A combustion-based mesoscale thermal actuator is proposed and its performance is studied in both open and closed cycle operations using a physics-based lumped-parameter model. The actuator design is unique as it implements a free-piston complaint architecture where the piston is free to move in a linear direction. Our objective is to study the actuator behavior in both the cycles to help identify the benefits and highlight the differences between the two cycles. The actuator is modeled as a spring-mass-damper system by taking an air standard cycle approach. Three observations are reported: (1) for nominal heat inputs (140 J/cycle), the actuator can produce large displacement strokes (16 cm) that is suitable for driving mesoscale robots; (2) the efficiency of the actuator depends on the heat input; and (3) for a specific heat input, both the open and closed cycles operate differently—with different stroke lengths, peak pressures, and thermal efficiencies. Our study reveals that the performance metrics of the actuator make it an ideal candidate for high speed, large force, and large displacement stroke related applications.

1. Introduction

Mechanical actuation via thermal actuators is a topic of interest due to their ability to generate forces $O\left({10}^1\right)$ N and displacement strokes $O\left({10}^{-4}\right)$ m at mesoscale (millimeter) regime [1]. Most thermal actuators employ either bimorph [2], solid expansion [3], fluid expansion [4], state change (liquid-to-vapor) [5], gas expansion/compression [6], or combustion-based mechanisms [7]. Among them, state change and combustion-based mechanisms are found to be suitable for large displacement and force generation at mesoscale as they benefit from the scaling laws of physics [5,7]. In particular, combustion-based miniature heat engines offer high power density to weight ratio and fast response, thus making them ideal for applications that require high speed, large force, and large displacement strokes.

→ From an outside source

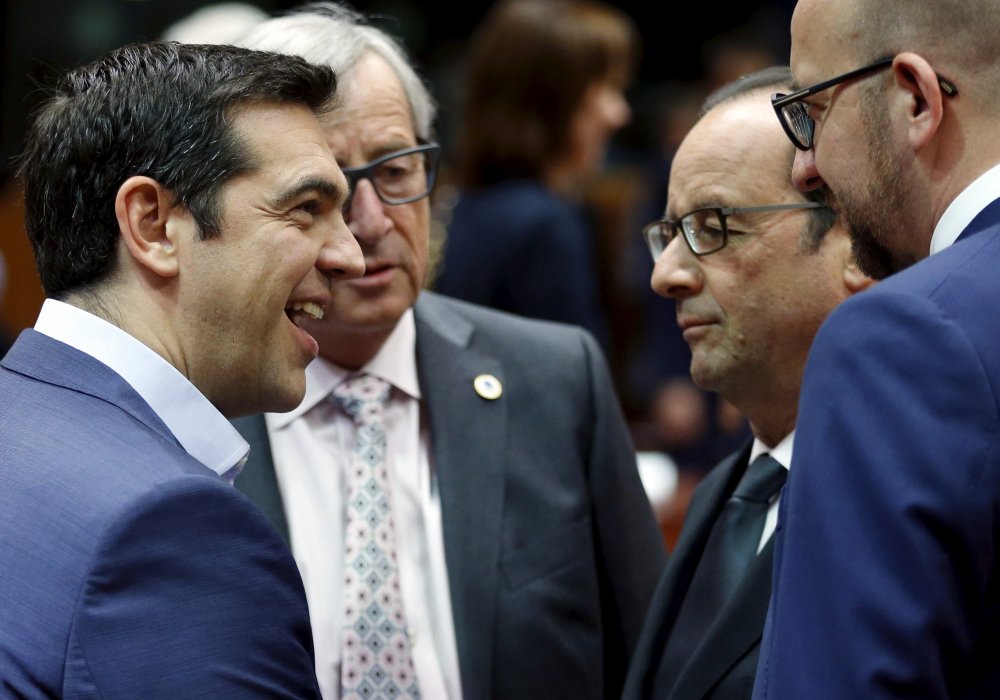 Алексис Ципрас, Жан-Клод Юнкер, Франсуа Олланд и Шарль Мишель на саммите лидеров еврозоны в Брюсселе. Фото ©REUTERS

Unfortunately, thermal actuators or heat engines with sliding-piston architecture at mesoscale suffer from high friction, leakage, and heat losses, resulting in poor thermal efficiencies [8]. A method to improve the thermal efficiency is by eliminating the crankshaft assembly and associated friction losses [7,9,10]; this can be accomplished by implementing a flexible or compliant architecture (Figure 1) instead of a sliding-piston architecture. This approach offers several advantages such as no leakage losses, simpler construction, and lower fabrication costs. Research on the fundamental design of thermal actuators (heat addition/rejection cycle [7]) or heat engines (Otto cycle) [9,10] that employ compliant architecture are being studied through models [10], prototype fabrication, and experiments [9]. Realization of such an actuator will require materials that can sustain the pressures, temperatures, and elastic deformations that are encountered in practical applications. Candidate designs include bellows and other super compliant structures fabricated from metals and composites [11]. First-principle based mathematical models are being developed to assess the performance of the compliant actuators/engines for a range of physical and operating parameters in both open and closed cycle operations. However, it is unclear whether such a combustion-based thermal actuator be analyzed or designed to operate in an open or a closed cycle.

Our present work on thermal actuators builds on our prior physics-based modeling efforts of a resonant heat engine for portable power applications [7,9,10]. Our previous work includes the design, prototyping, and characterization of a flexible mesoscale engine that employs metal bellows instead of a traditional piston-cylinder assembly [12]. In this study, through a physics-based lumped-parameter model, similar to our previously developed models on free piston engines [13,14,15], we will investigate the behavior and performance of a mesoscale thermal actuator using a spring-mass-damper analogy and taking an air standard cycle approach. Here, using the model, we will predict the actuator performance for a range of operating conditions and report on the important differences between the open and closed cycle operations. The proposed actuator can be employed to charge an air tank that is intended to serve as a portable pneumatic energy source for a wide range of applications including exoskeleton [16], locomotion [17], and rehabilitation [18]. Our study will show that the proposed actuator offers a one order of magnitude higher energetic merit than the current portable power sources and actuation systems such as chemical batteries coupled with electric motors.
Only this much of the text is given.